▶ TASK ITEM
Quote word for word the lines below, beginning with the first and ending with the one that has "An adventure story". Drop the pictures.

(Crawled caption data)

|---|

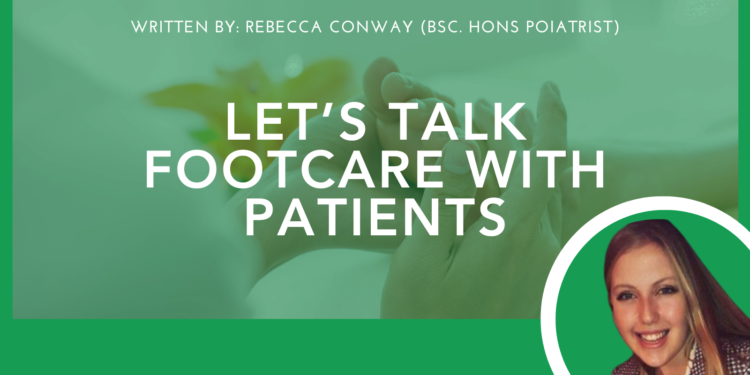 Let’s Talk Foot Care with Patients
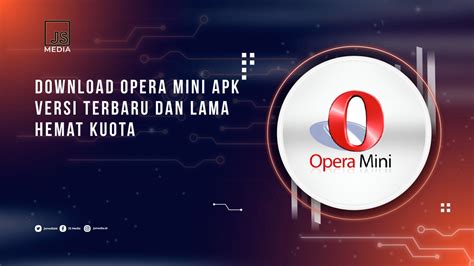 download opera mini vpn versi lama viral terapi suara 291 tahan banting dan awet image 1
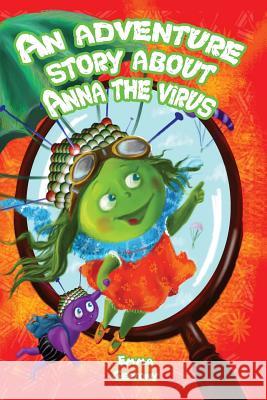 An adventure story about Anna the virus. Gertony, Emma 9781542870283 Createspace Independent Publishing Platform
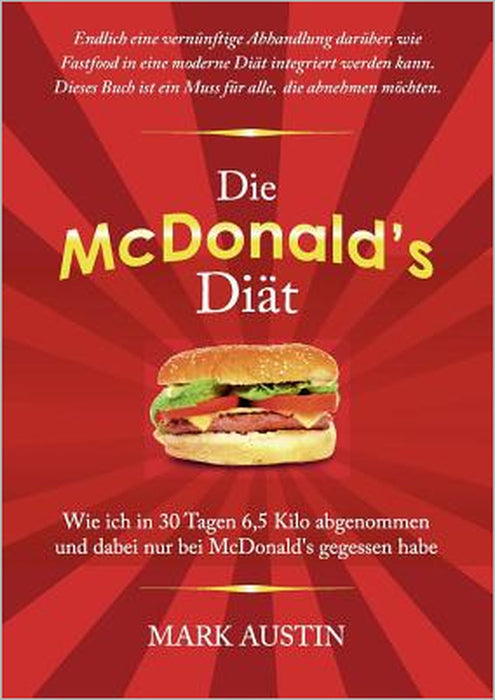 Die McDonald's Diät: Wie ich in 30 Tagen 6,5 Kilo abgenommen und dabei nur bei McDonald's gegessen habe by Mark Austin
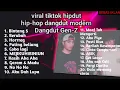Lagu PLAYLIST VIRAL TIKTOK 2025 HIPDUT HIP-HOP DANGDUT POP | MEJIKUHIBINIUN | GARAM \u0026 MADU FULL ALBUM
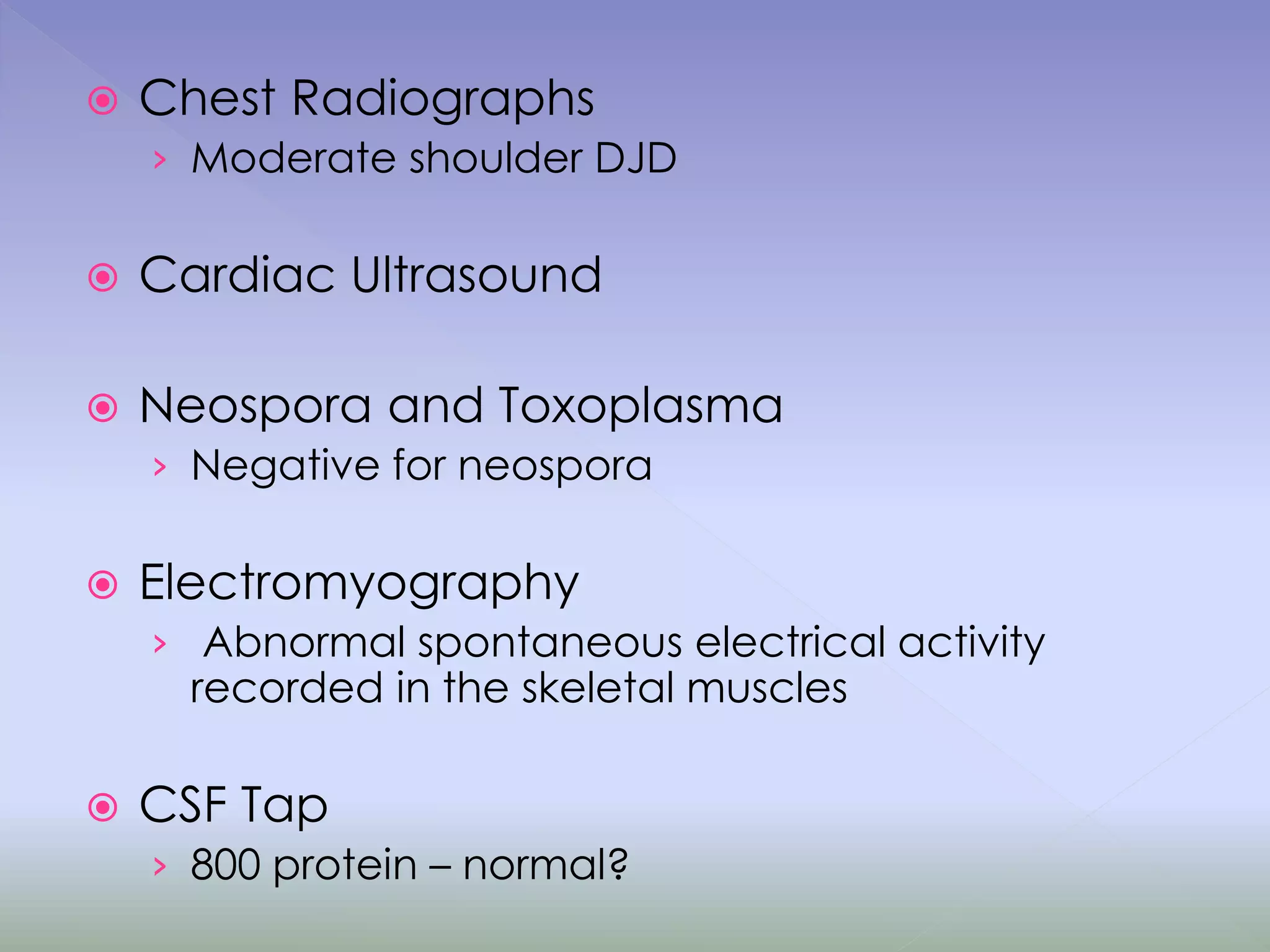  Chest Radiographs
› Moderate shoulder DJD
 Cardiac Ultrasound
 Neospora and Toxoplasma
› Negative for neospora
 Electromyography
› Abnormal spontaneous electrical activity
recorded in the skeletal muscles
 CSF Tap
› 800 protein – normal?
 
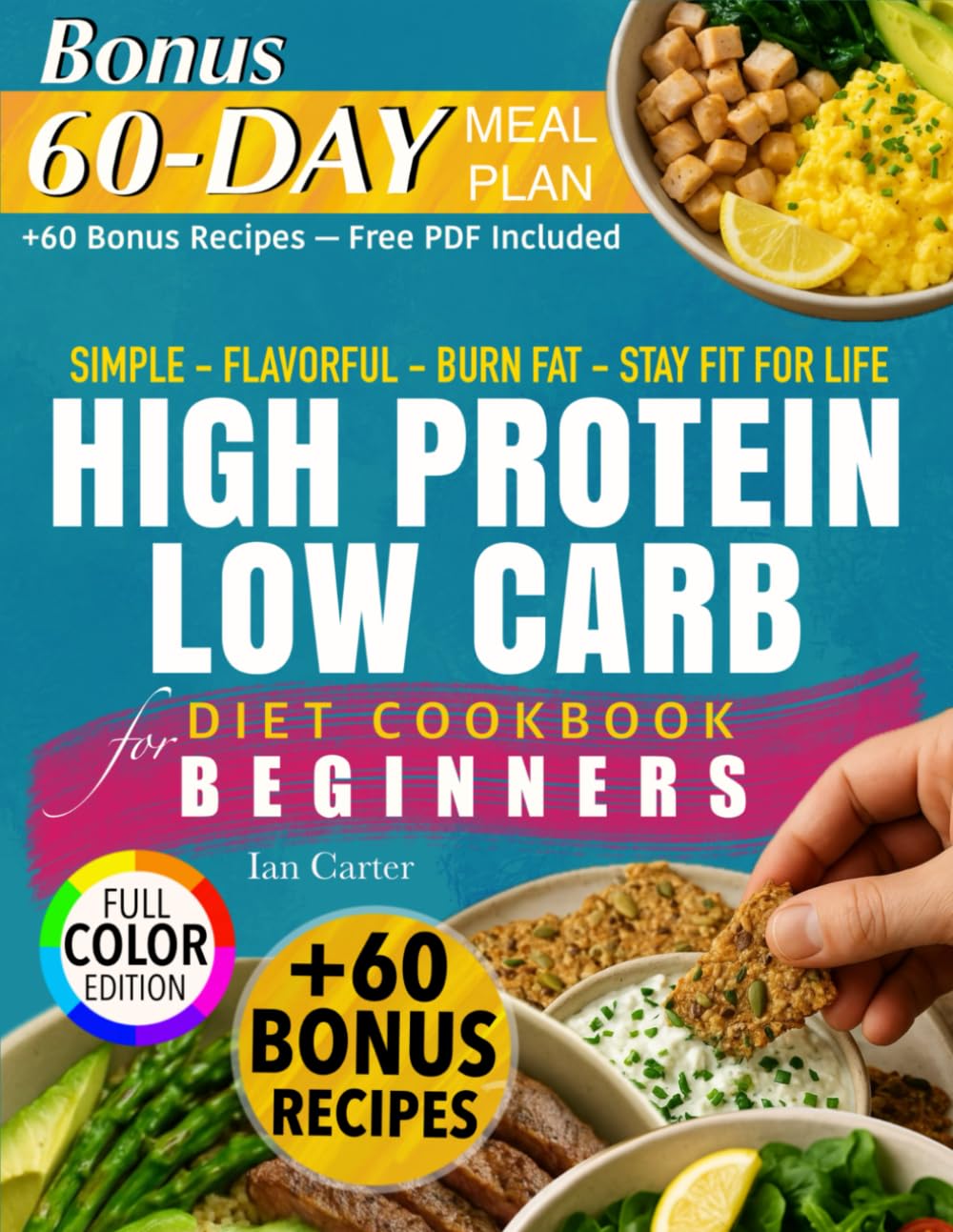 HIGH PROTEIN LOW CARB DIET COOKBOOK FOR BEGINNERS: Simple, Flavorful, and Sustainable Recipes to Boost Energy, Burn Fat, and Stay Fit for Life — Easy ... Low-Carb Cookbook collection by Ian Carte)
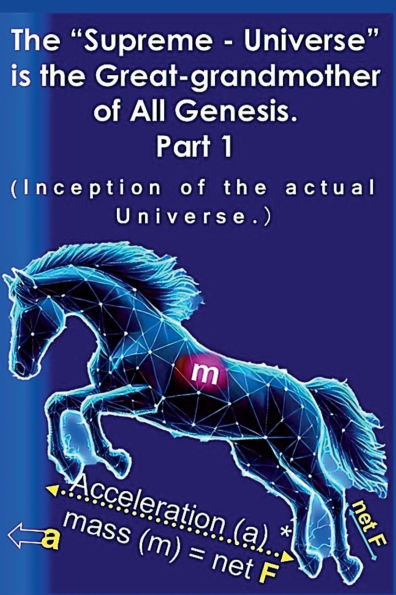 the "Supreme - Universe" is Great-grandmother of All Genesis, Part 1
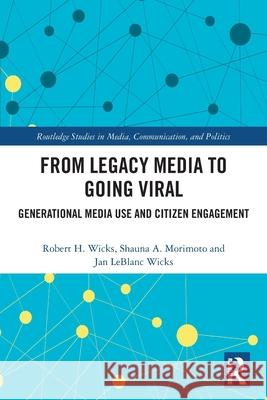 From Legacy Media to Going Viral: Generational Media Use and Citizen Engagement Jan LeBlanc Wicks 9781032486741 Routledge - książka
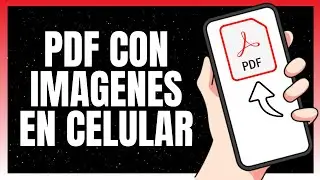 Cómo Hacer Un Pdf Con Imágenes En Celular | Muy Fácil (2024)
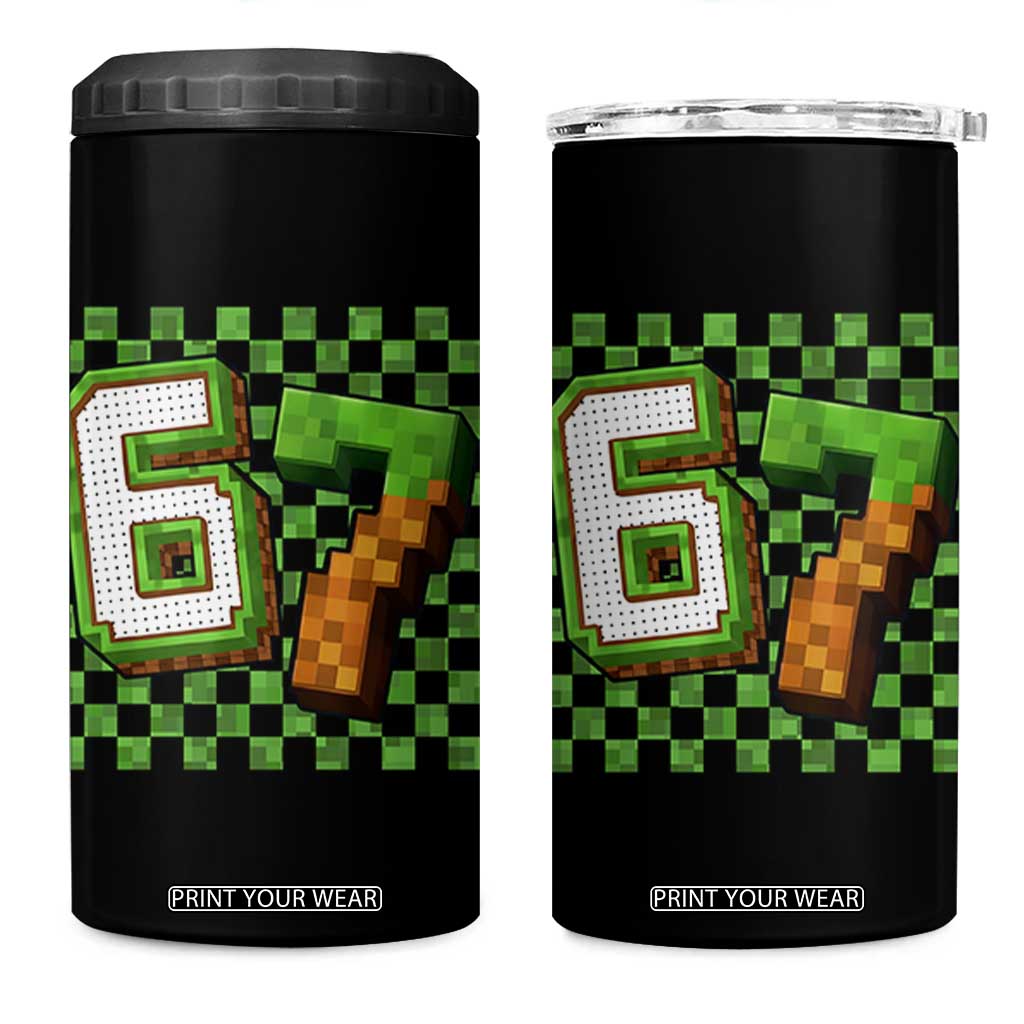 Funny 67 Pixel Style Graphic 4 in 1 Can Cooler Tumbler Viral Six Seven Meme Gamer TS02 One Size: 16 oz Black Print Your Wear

|---|

▶ TASK OUTPUT
 Let’s Talk Foot Care with Patients
 download opera mini vpn versi lama viral terapi suara 291 tahan banting dan awet image 1
 An adventure story about Anna the virus. Gertony, Emma 9781542870283 Createspace Independent Publishing Platform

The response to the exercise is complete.